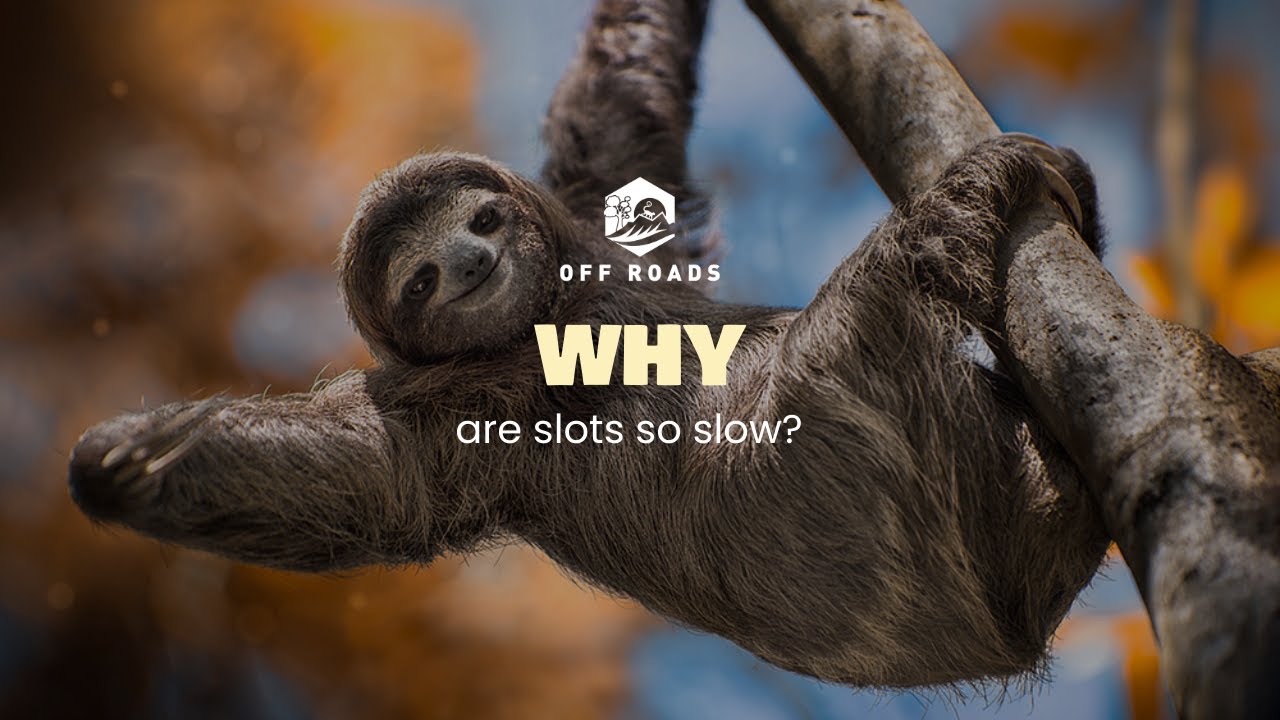 𝗪𝗛𝗬 𝗔𝗥𝗘 𝗦𝗟𝗢𝗧𝗛𝗦 𝗦𝗢 𝗦𝗟𝗢𝗪? 🦥🤯 | Animals of the Amazon Rainforest | Jungle Tours | Off Roads Travel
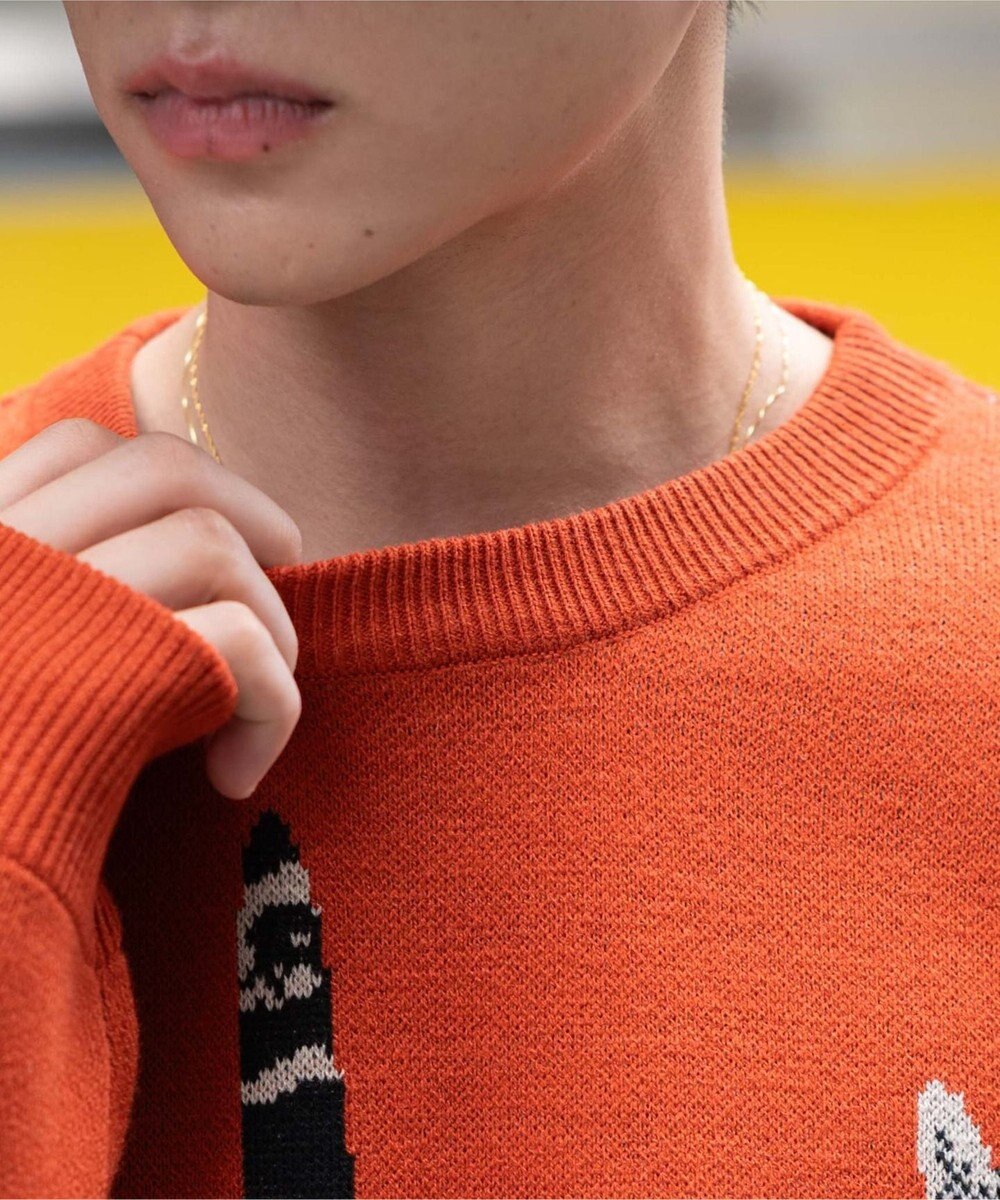 WEGO アニマルジャガードニットプルオーバー 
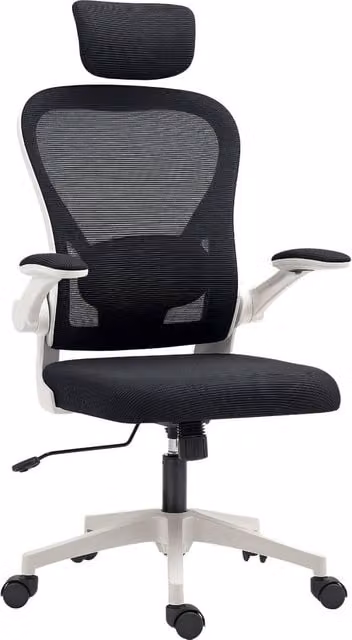 Rolipo Ergonomic Mesh Executive Office Chair with Headrest and Lumbar Support in Black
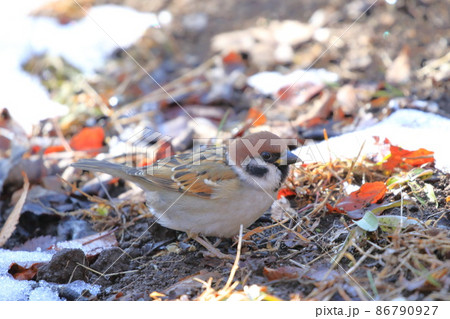 地面でエサを探すスズメ 地面でエサを探すスズメ 86790927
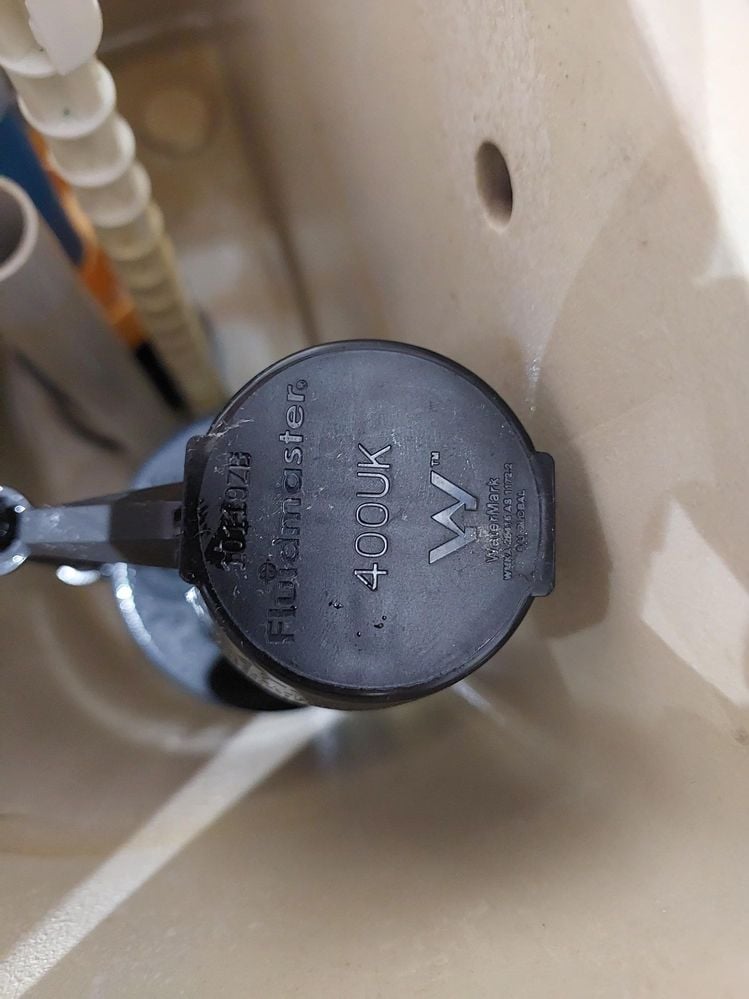 1000108632.jpg 1000108632.jpg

§ **Your task**: Pictures aside, transcribe exactly the lines from the line containing "Rolipo Ergonomic Mesh" through the final line of the material above.

§ **Task solution**:
 Rolipo Ergonomic Mesh Executive Office Chair with Headrest and Lumbar Support in Black
 地面でエサを探すスズメ 地面でエサを探すスズメ 86790927
 1000108632.jpg 1000108632.jpg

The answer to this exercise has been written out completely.